→ **WORK ITEM**:
Extract each line of the material that follows exactly and omit its pictures.

→ **DATA BELOW**:
[Start of Attachment]
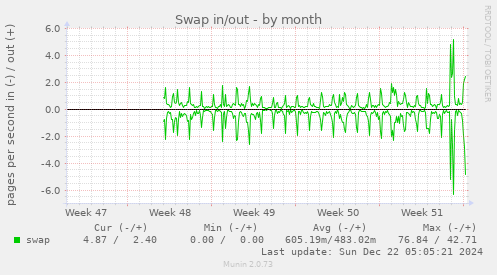 Swap in/out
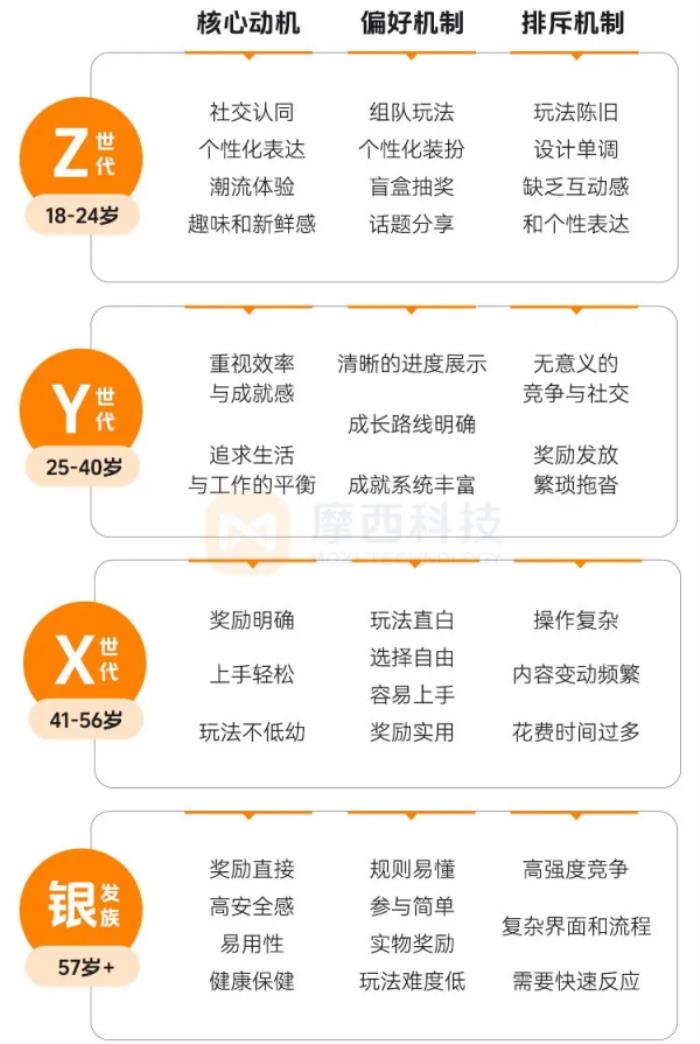 上瘾背后，改变7亿人的隐形力量 
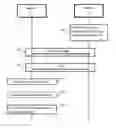 Fig. 01 - Method for authenticating a client device to a server using a secret element
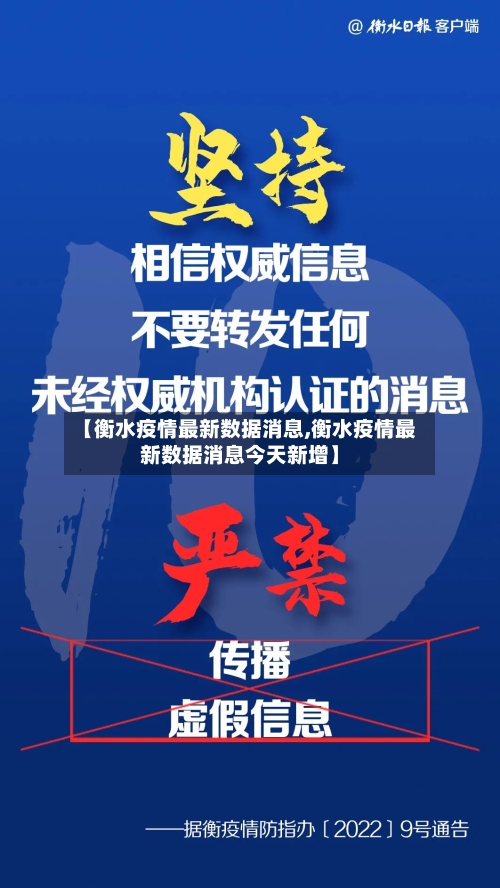 【衡水疫情最新数据消息,衡水疫情最新数据消息今天新增】-第1张图片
[End of Attachment]
→ **OUTPUT FOR THIS TASK**:
 Swap in/out
 上瘾背后，改变7亿人的隐形力量 
 Fig. 01 - Method for authenticating a client device to a server using a secret element
 【衡水疫情最新数据消息,衡水疫情最新数据消息今天新增】-第1张图片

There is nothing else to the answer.